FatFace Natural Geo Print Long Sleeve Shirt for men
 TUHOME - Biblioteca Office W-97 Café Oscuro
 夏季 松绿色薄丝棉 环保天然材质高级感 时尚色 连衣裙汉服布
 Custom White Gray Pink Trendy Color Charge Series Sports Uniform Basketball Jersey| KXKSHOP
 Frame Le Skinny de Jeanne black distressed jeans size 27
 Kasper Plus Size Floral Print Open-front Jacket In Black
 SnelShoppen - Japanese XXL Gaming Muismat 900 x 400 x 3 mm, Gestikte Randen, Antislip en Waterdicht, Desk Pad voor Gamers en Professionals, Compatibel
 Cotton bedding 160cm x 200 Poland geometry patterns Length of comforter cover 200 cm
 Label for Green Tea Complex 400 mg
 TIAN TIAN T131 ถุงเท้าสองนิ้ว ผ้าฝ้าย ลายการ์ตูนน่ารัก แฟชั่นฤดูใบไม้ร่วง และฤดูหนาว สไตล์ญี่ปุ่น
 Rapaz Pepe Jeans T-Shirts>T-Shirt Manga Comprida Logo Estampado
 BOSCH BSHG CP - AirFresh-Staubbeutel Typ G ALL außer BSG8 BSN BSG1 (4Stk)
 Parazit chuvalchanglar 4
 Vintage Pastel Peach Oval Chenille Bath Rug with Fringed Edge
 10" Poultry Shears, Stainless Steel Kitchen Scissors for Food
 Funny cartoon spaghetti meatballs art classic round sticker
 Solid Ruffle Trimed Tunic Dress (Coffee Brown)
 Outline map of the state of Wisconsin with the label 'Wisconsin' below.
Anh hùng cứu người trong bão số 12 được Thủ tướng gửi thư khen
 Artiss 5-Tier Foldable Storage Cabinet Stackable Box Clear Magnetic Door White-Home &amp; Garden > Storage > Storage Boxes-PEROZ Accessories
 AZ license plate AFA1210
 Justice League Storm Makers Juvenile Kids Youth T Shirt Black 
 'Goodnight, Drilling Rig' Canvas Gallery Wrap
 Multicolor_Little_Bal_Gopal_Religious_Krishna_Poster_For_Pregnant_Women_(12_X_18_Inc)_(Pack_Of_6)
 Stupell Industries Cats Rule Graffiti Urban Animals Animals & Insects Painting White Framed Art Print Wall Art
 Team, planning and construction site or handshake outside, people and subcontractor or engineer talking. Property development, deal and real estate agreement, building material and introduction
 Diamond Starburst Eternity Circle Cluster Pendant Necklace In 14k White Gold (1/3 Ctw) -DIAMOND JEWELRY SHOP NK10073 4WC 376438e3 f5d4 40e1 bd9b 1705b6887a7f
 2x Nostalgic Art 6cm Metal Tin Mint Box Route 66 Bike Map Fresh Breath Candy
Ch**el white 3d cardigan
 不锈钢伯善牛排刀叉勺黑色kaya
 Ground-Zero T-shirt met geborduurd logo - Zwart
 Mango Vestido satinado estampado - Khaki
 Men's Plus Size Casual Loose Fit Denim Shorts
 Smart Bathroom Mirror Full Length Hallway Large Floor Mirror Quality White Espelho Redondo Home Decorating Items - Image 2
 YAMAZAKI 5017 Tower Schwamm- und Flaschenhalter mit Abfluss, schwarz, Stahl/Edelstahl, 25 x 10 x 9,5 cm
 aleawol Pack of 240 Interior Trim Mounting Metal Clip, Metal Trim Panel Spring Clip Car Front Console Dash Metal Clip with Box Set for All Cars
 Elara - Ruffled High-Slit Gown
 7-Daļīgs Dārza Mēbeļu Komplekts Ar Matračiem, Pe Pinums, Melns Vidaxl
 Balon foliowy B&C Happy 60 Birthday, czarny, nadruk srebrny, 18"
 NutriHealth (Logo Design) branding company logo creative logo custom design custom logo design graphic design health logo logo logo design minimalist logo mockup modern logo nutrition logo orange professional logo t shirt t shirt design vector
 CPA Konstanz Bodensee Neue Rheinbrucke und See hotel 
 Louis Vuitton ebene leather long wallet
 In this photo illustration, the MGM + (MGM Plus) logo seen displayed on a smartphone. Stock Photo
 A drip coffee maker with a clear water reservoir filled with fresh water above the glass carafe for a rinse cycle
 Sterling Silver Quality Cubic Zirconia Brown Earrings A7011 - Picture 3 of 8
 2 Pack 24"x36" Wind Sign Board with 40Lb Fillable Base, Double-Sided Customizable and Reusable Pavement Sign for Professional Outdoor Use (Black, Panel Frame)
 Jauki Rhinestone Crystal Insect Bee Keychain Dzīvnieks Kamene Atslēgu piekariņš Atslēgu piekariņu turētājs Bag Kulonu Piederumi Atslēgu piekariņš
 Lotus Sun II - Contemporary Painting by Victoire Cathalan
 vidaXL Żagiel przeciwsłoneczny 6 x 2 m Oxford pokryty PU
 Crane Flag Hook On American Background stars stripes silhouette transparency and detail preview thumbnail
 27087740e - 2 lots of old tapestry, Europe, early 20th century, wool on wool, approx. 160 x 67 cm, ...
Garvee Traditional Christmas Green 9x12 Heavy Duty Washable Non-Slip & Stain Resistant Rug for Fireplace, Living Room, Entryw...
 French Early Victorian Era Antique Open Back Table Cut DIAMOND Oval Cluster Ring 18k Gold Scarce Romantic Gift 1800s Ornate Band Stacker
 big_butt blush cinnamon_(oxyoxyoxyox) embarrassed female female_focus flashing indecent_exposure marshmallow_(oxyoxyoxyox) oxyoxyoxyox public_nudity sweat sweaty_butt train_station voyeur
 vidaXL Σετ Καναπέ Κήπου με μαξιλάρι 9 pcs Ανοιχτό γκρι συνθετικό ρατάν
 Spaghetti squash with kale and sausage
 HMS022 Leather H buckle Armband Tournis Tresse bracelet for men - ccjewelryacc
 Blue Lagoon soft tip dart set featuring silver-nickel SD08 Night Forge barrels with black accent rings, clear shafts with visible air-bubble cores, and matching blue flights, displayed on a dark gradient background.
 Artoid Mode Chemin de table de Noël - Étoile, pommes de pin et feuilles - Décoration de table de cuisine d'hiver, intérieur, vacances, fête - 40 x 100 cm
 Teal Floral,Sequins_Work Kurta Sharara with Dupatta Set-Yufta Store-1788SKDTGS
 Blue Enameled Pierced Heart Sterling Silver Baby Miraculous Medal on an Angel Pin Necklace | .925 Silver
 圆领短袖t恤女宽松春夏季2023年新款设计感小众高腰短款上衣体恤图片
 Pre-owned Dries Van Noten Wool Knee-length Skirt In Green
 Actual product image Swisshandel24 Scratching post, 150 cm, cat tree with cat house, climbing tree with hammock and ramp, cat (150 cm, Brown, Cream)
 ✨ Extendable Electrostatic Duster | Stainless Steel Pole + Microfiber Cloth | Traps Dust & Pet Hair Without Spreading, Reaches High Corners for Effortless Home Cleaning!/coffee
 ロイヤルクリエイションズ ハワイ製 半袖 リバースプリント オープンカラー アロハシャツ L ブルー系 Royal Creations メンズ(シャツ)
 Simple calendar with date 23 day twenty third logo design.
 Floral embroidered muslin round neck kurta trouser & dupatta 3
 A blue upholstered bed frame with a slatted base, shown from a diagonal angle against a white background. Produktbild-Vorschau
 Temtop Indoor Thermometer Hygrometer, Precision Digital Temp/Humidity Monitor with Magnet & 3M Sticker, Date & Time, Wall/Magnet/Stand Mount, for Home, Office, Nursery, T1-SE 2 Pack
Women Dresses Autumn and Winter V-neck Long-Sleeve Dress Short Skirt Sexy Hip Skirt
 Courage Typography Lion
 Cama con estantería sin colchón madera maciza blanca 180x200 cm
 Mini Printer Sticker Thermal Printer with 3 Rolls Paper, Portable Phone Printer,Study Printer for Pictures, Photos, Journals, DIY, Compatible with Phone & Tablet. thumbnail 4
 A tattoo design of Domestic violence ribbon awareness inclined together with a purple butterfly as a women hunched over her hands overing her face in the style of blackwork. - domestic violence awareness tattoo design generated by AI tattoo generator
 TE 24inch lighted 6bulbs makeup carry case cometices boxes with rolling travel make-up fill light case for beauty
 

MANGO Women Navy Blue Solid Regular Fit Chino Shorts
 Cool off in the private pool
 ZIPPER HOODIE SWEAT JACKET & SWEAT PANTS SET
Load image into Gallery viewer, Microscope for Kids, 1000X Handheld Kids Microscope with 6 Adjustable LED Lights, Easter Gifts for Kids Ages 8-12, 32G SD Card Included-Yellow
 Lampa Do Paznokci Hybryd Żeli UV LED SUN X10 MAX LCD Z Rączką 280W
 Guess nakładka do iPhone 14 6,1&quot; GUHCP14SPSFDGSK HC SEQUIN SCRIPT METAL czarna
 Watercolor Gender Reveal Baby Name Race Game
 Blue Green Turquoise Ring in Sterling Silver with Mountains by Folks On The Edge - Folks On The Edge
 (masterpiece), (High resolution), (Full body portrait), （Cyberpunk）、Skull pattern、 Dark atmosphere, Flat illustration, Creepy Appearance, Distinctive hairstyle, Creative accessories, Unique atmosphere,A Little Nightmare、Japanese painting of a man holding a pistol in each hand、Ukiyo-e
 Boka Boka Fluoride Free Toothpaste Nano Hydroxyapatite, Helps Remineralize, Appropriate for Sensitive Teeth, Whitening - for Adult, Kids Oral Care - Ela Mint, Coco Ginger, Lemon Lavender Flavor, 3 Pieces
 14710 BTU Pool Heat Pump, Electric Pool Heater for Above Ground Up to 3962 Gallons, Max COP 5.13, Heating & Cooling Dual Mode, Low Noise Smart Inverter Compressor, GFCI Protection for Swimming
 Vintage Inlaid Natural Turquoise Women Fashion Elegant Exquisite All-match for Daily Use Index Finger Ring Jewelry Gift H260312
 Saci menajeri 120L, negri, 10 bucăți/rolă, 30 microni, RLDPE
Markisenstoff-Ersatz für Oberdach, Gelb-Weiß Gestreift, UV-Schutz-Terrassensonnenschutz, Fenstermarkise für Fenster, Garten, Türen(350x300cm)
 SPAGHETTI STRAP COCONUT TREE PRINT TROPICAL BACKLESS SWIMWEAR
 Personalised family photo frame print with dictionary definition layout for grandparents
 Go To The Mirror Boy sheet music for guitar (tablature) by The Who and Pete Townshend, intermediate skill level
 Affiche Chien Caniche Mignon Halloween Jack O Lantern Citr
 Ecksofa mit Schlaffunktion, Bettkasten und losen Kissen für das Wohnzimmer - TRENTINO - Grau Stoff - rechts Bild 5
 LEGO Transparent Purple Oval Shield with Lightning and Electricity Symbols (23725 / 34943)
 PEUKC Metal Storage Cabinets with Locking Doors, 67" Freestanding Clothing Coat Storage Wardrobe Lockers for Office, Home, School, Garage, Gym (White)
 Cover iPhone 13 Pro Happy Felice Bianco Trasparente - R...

◇ ◇ ◇

Produce only the lines from the line containing "Garvee Traditional Christmas" through the line containing "Spaghetti squash with kale and sausage", inclusive of both, exactly as they stand in the entries above.

Garvee Traditional Christmas Green 9x12 Heavy Duty Washable Non-Slip & Stain Resistant Rug for Fireplace, Living Room, Entryw...
 French Early Victorian Era Antique Open Back Table Cut DIAMOND Oval Cluster Ring 18k Gold Scarce Romantic Gift 1800s Ornate Band Stacker
 big_butt blush cinnamon_(oxyoxyoxyox) embarrassed female female_focus flashing indecent_exposure marshmallow_(oxyoxyoxyox) oxyoxyoxyox public_nudity sweat sweaty_butt train_station voyeur
 vidaXL Σετ Καναπέ Κήπου με μαξιλάρι 9 pcs Ανοιχτό γκρι συνθετικό ρατάν
 Spaghetti squash with kale and sausage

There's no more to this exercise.